Information supplied:

=== Begin Enclosure ===

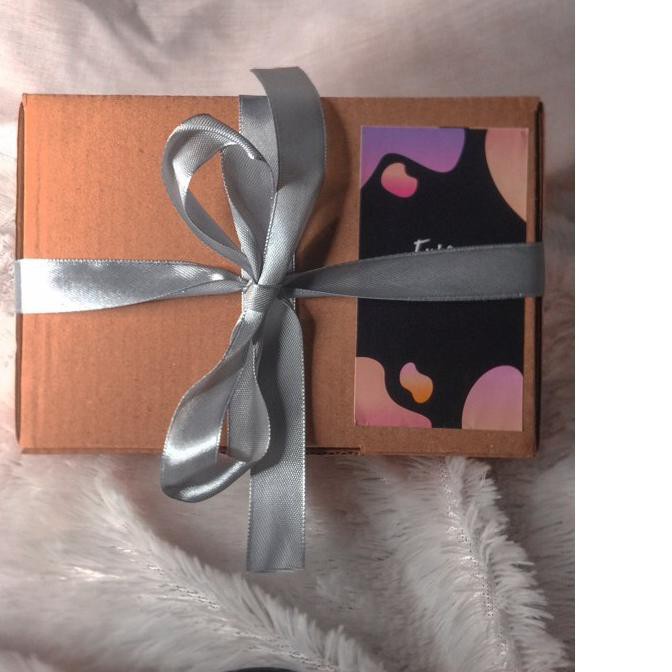 

Flash Sale!! (sln-713) GIFTBOX/HAMPERS/SAYANGCRUSH/BIRTHDAY/ANNIVERSARRY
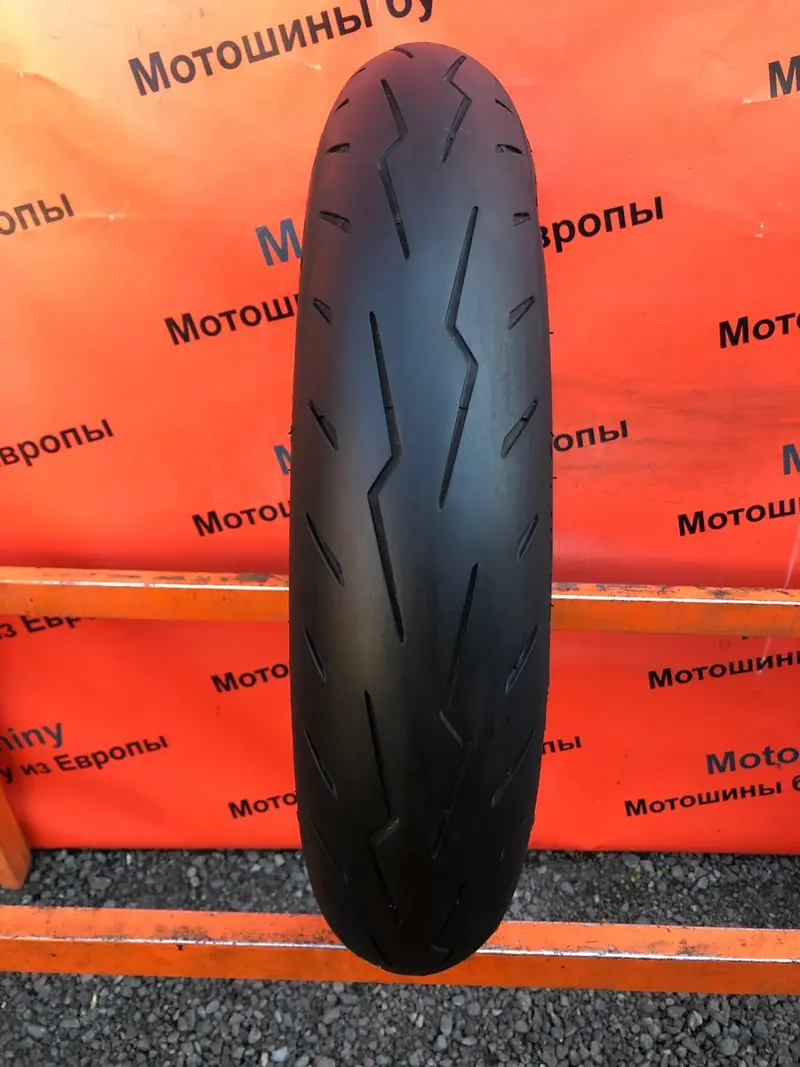 Мотошина б/у 120/70 R17 Pirelli Diablo Rosso 4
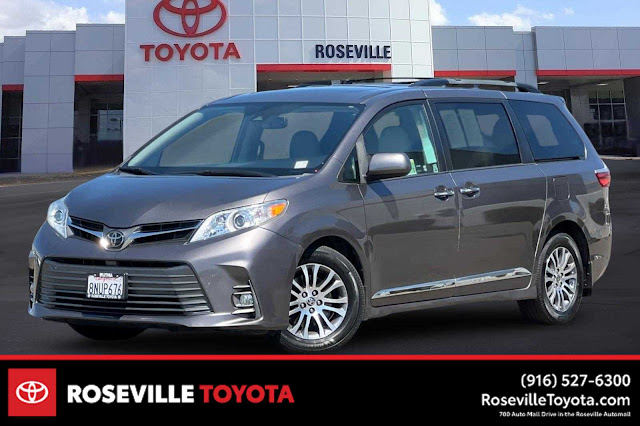 2020 Toyota Sienna XLE Premium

=== End Enclosure ===

Goal of the exercise: Pictures must not appear in the copy, which must otherwise match the listing exactly.

Result:
Flash Sale!! (sln-713) GIFTBOX/HAMPERS/SAYANGCRUSH/BIRTHDAY/ANNIVERSARRY
 Мотошина б/у 120/70 R17 Pirelli Diablo Rosso 4
 2020 Toyota Sienna XLE Premium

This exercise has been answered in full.